• [Your task] Reproduce the data exactly as given, except for any images.

• [Provided data]

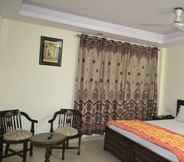 Bedroom 6 Hotel Apple Villa by Sushant Travels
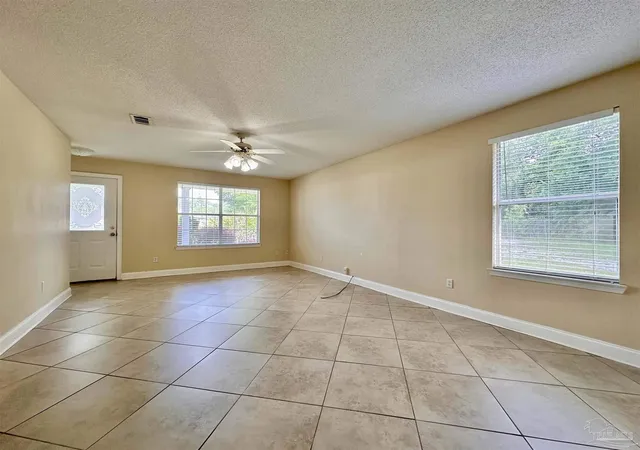Photo 4 of Single family home for sale at 1037 Antigua Cir, Pensacola, FL 32506 | MLS# 687583 | Listing updated on 2026-09-13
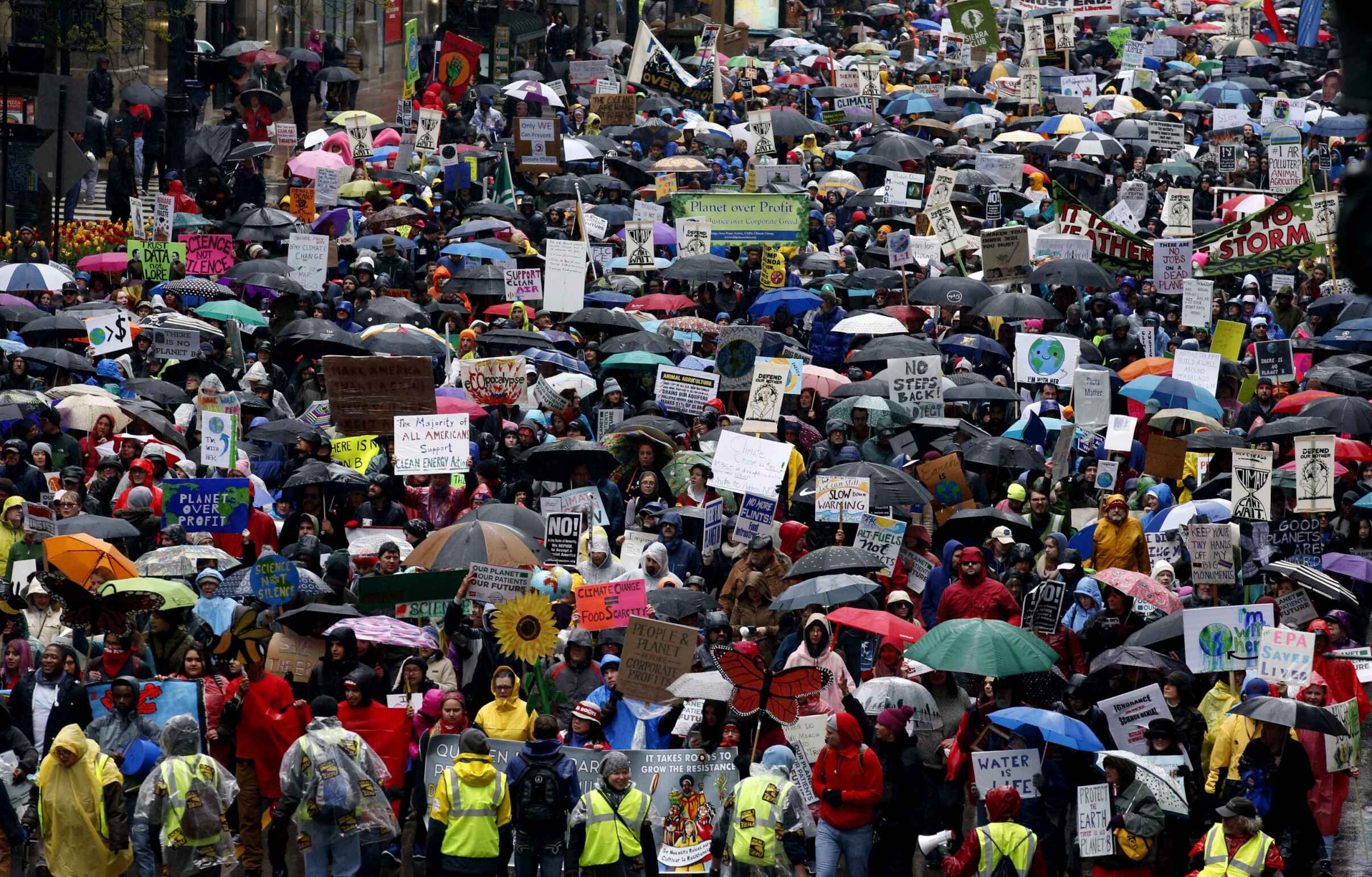 多地民眾遊行抗議氣候政策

• [Answer box]
 Bedroom 6 Hotel Apple Villa by Sushant Travels
Photo 4 of Single family home for sale at 1037 Antigua Cir, Pensacola, FL 32506 | MLS# 687583 | Listing updated on 2026-09-13
 多地民眾遊行抗議氣候政策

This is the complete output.